Nissan Diesel Motor Co. President Iwao Nakamura expressed support for the tender offer, saying the move will save costs in development and purchasing, including emission-reducing technologies, and present opportunities for efficient investments for long-term growth.

"What we want the most is growth," he told reporters at a Tokyo hotel after the offer was announced. "This move is the most effective way to achieve growth."

The 540 yen (EUR3.44; US$4.52) cash per share offer, which represented a premium of 32 percent based on the Japanese company's average share price during the past three months, both sides said.

Nissan Diesel shares jumped 18 percent in Tokyo to a bid-only 523 yen (US$4.37; EUR3.33), up from its Monday's close at 443 yen (US$3.71; EUR2.83).

Jorma Halonen, Executive Vice President of Volvo Group, said that Nissan Diesel would retain its name and that management will stay Japanese.
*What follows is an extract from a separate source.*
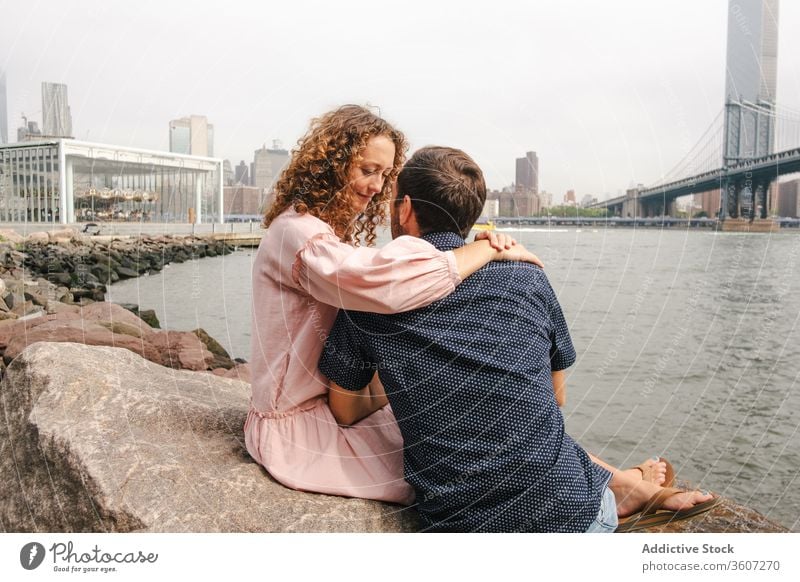 Tender couple kissing on river bank in New York relationship together romantic hug brooklyn bridge tender stroll new york america united states usa city love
Volvo is aiming for 20 percent to 25 percent market share in Asia, about the same share the group controls in the U.S. and Europe, Halonen said, while declining to set a timeframe.

Nissan Diesel's strengths in Asia, including Thailand and Indonesia, are a good complement for Volvo, Halonen said in Tokyo. He said 100 percent ownership will help quicken decision-making, likely to prove critical in keeping abreast of upcoming more stringent emission requirements around the world.

Nissan Diesel holds a market share in Japan of about 24 percent in heavy trucks and 15 percent in the medium-heavy segment.

If approved by antitrust authorities, the deal would be completed by March 29, Volvo said.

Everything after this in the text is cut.